Stored data entries
·····

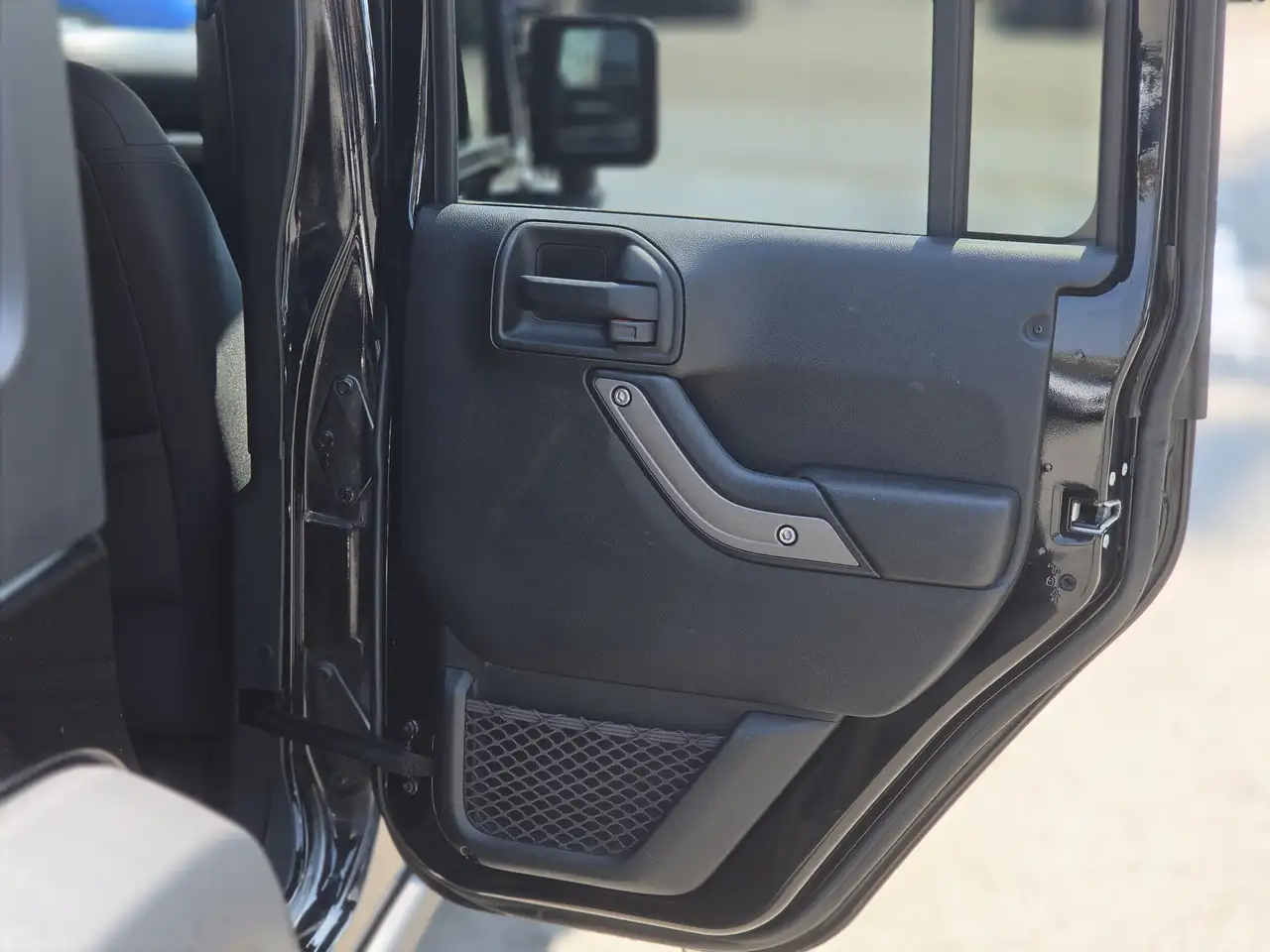 Jeep Wrangler photo Jeep Wrangler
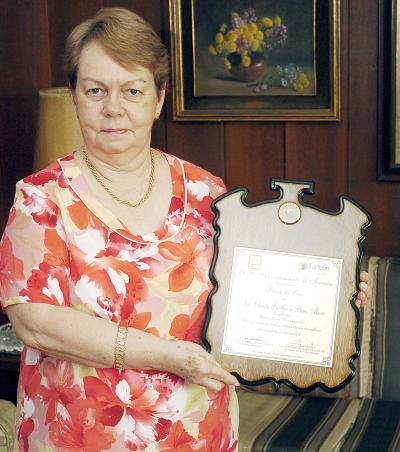 La señora Cristha Luethje de Pérez recibió la Paca de Oro 2005.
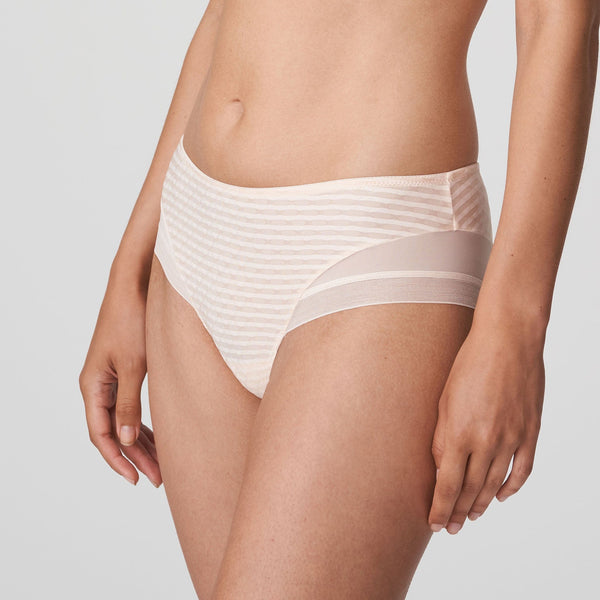 //www.esterella.nl/cdn/shop/products/MonolithosShort0542002Melba__1_600x600.jpeg?v=1642052763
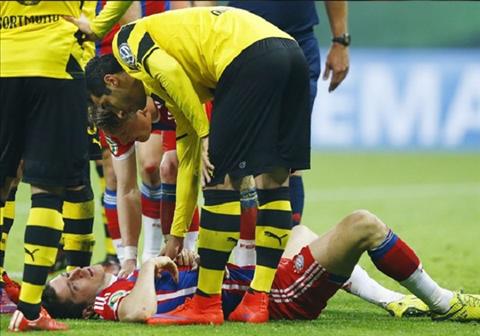 Robben chấn thương: Giải pháp nào cho hàng công của Bayern?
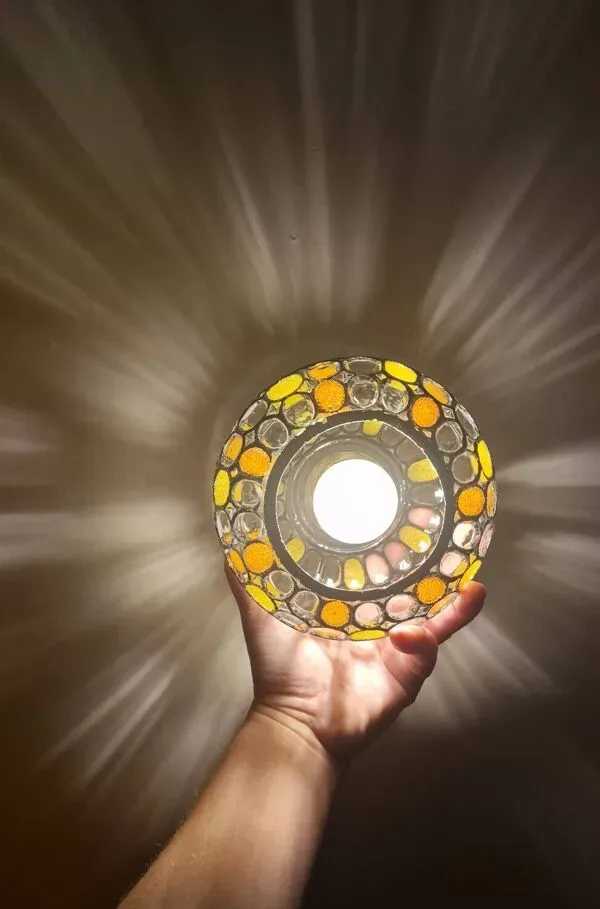 Illustration numéro 3 du produit Suspension globe vintage effet vitraux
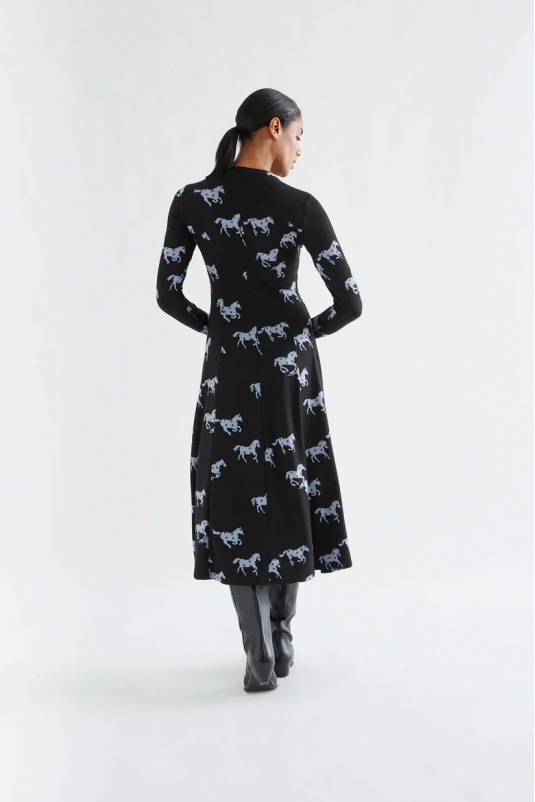 VESTIDO NEGRO CABALLOS COMPAÑÍA FANTÁSTICA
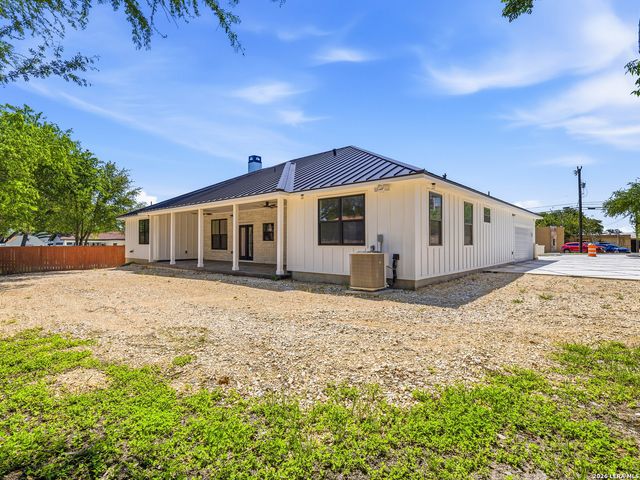 915 BURR RD, Terrell Hills, TX 78209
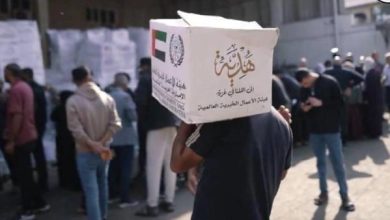 صورة 17 ألف طرد غذائي لدير البلح ضمن جهود “الفارس الشهم 3” الإغاثية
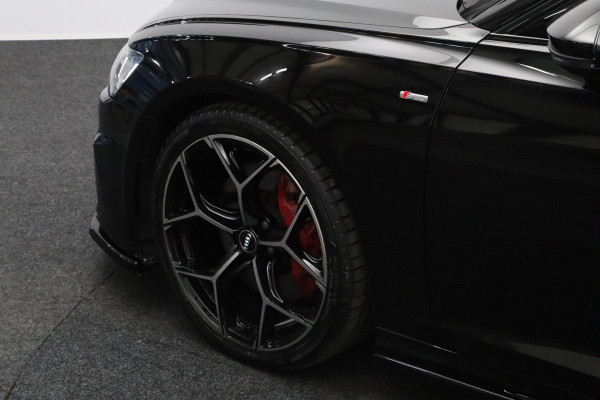 Audi A6 Avant 55 TFSI e 367 PK Quattro Competiton S-Line Edition, Panoramadak, Memory, Camera, Adap. Cruise Control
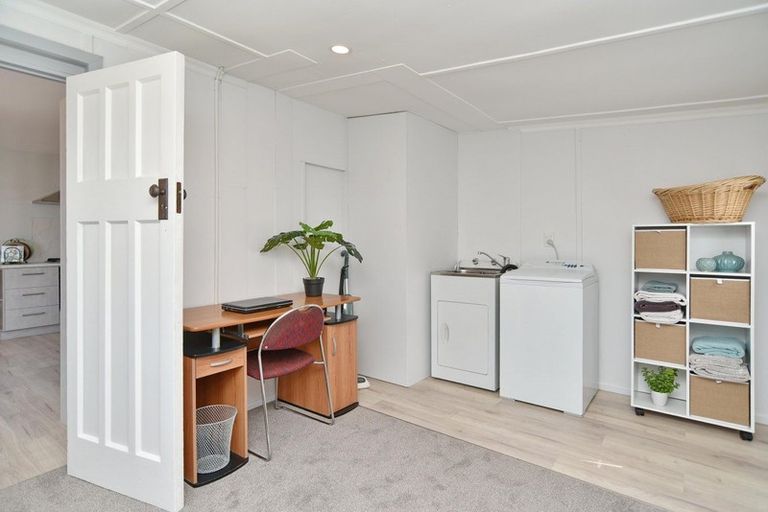 Photo of property in 18 Lionel Street, Avonside, Christchurch, 8061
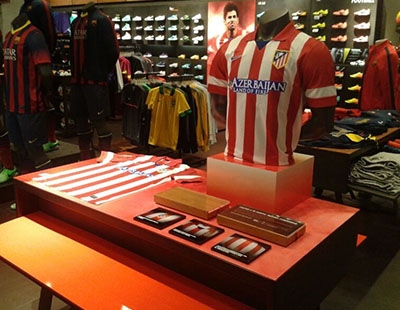 Aplicacion vinilo promocion Madrid Nike Aplicacion vinilo promocion Madrid Nike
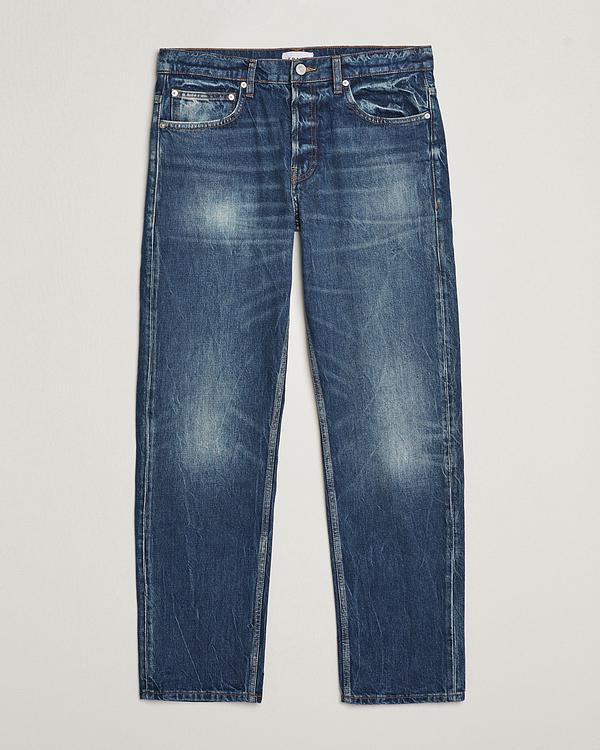 Dark blue jeans from Frame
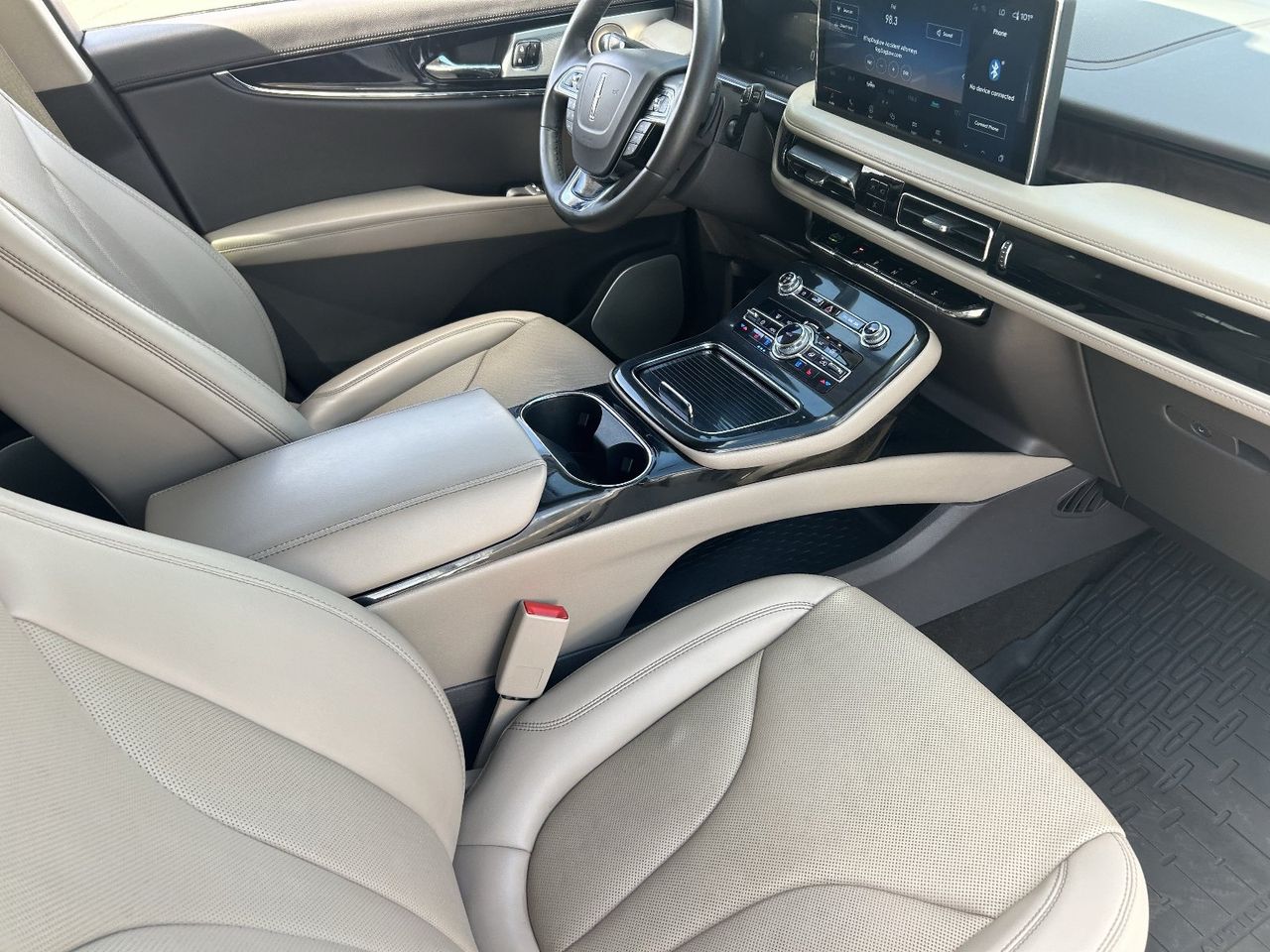 Used 2022 Ceramic Pearl Metallic Tinted Clearcoat Lincoln Reserve image 14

·····

[WHAT THE TASK REQUIRES] Output every entry above exactly, minus the pictures.

[TASK RESULT]
 Jeep Wrangler photo Jeep Wrangler
 La señora Cristha Luethje de Pérez recibió la Paca de Oro 2005.
 //www.esterella.nl/cdn/shop/products/MonolithosShort0542002Melba__1_600x600.jpeg?v=1642052763
 Robben chấn thương: Giải pháp nào cho hàng công của Bayern?
 Illustration numéro 3 du produit Suspension globe vintage effet vitraux
 VESTIDO NEGRO CABALLOS COMPAÑÍA FANTÁSTICA
 915 BURR RD, Terrell Hills, TX 78209
 صورة 17 ألف طرد غذائي لدير البلح ضمن جهود “الفارس الشهم 3” الإغاثية
 Audi A6 Avant 55 TFSI e 367 PK Quattro Competiton S-Line Edition, Panoramadak, Memory, Camera, Adap. Cruise Control
 Photo of property in 18 Lionel Street, Avonside, Christchurch, 8061
 Aplicacion vinilo promocion Madrid Nike Aplicacion vinilo promocion Madrid Nike
 Dark blue jeans from Frame
 Used 2022 Ceramic Pearl Metallic Tinted Clearcoat Lincoln Reserve image 14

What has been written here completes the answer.